Besides buildbot straightforward buildbot configs, the primary development will be around a python project I started called 'anerist'. The project's goal is to facilitate programatic generation of buildbot configuration for defined types of content, extract metadata from that content, perform html conversions, and assemble the site structure using generated content and extracted metadata. I lazily threw this on github but will likely use fedorahosted going forward, but I can manage setting up the fedorahosted resources without consuming sysadmin time.

I'd also like a service account for handling translations. This would require someone to explicitly log into zanata to initialize the account, and retrieve the API key for {{ private }} for use in an ansible-generated user config file. With that in place, automated pushing of strings out to the publishing platform is relatively low hanging fruit. Pulling translations and committing to the content repos could be done if su - $serviceuser is possible.


as a heads up - we're working to remove the last taskotron-specific bits from the buildmaster/buildslave roles and move them out of the taskotron/ subdir.

If you run into problems on that front - find me so I can help. We're tracking the role rework in a phabricator ticket on our end:

https://phab.qadevel.cloud.fedoraproject.org/T499

AFAIK, there are no buildbot packages for el7. It doesn't have the same problems with twisted versions that el6 did but the last time I tried, it wasn't just a simple rebuild (didn't spend the time to figure out exactly what's going on). We've been explicitly avoiding epel7 packaging because we plan to move to buildbot nine when it's released (nine beta 1 is due to be released this week or early next week) and don't want to deal with compat packages. If you all are planning to do some custom UI work, I'd suggest you plan to move over to nine as soon as it's ready.

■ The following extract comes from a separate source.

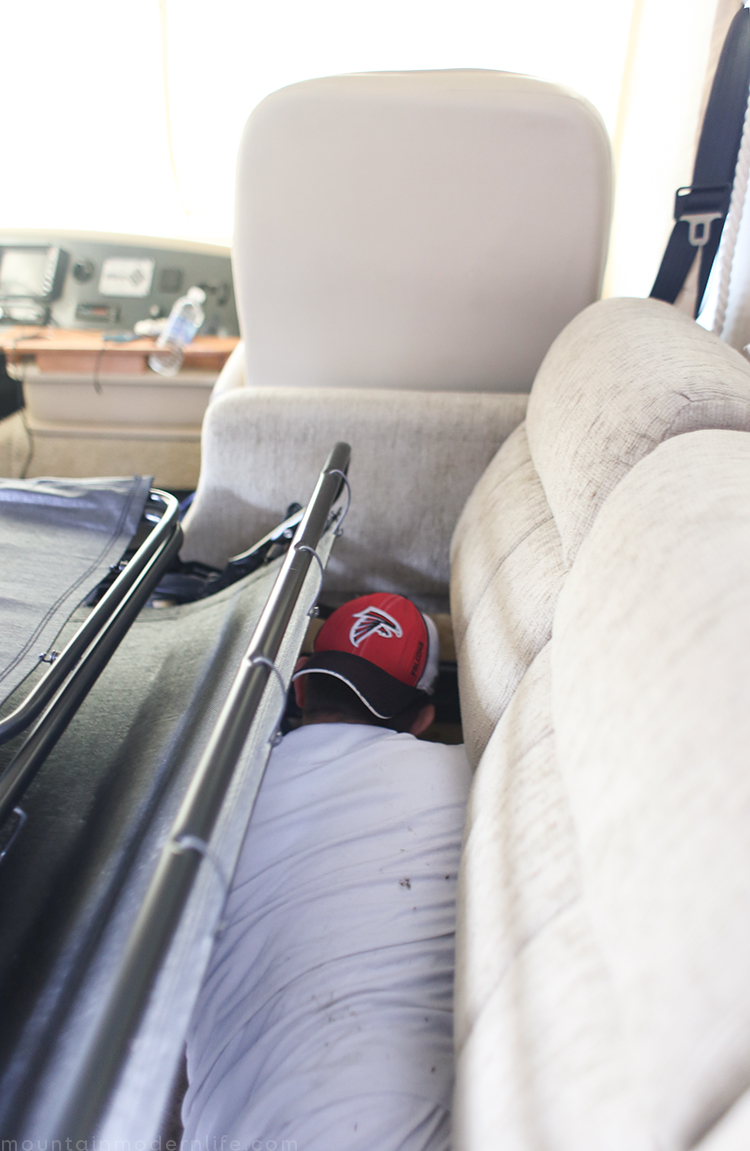 Planning to replace the couch in your motorhome? Some disassembling may be required. How to remove the sofa from your RV | MountainModernLife.com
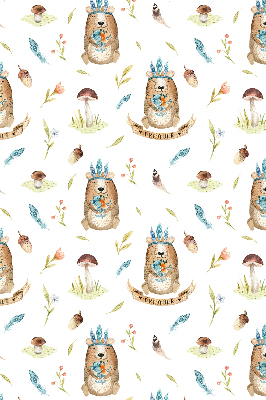 Store occultant fenêtre ours en peluche et plantes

That being said, we may still move over to el7 for our buildmasters - that decision is ongoing. If that happens, we're planning to do the packaging work for buildbot on el7 (in COPR until buildbot nine is released, probably) if it isn't already done at that point.

I've been using F21 so far, mostly because I had a local mirror for it. There's nothing too involved happening in the buildbot space, so far; I'm sure we can follow Taskotron to whatever platform. That said, EL7 would be better eventually, because of potentially better handling of the master service when there's long startup times (I've hit limits on number of factories as well as startup timeouts, both improved with better code, but it did bring issues to light.)

ok, so a few questions from me:

  • Does this mean we are not needing the docs-backend01 instance? ie, this is going to replace that process?

  • I think it would make sense for these to be cloud instances for dev (we have been using cloud for all our dev instances).

  • For dev, I don't really care what OS /version you use. We have fedora 21/22 cloud images and also rhel/centos7. Whatever works best. For stg/prod it would be nice if we used rhel7.

  • Do you need a persistent volume for data? Or one for each host?

  • I assume the buildbot builds stuff and the master serves it out? Or could the machine that serves the content be some other machine?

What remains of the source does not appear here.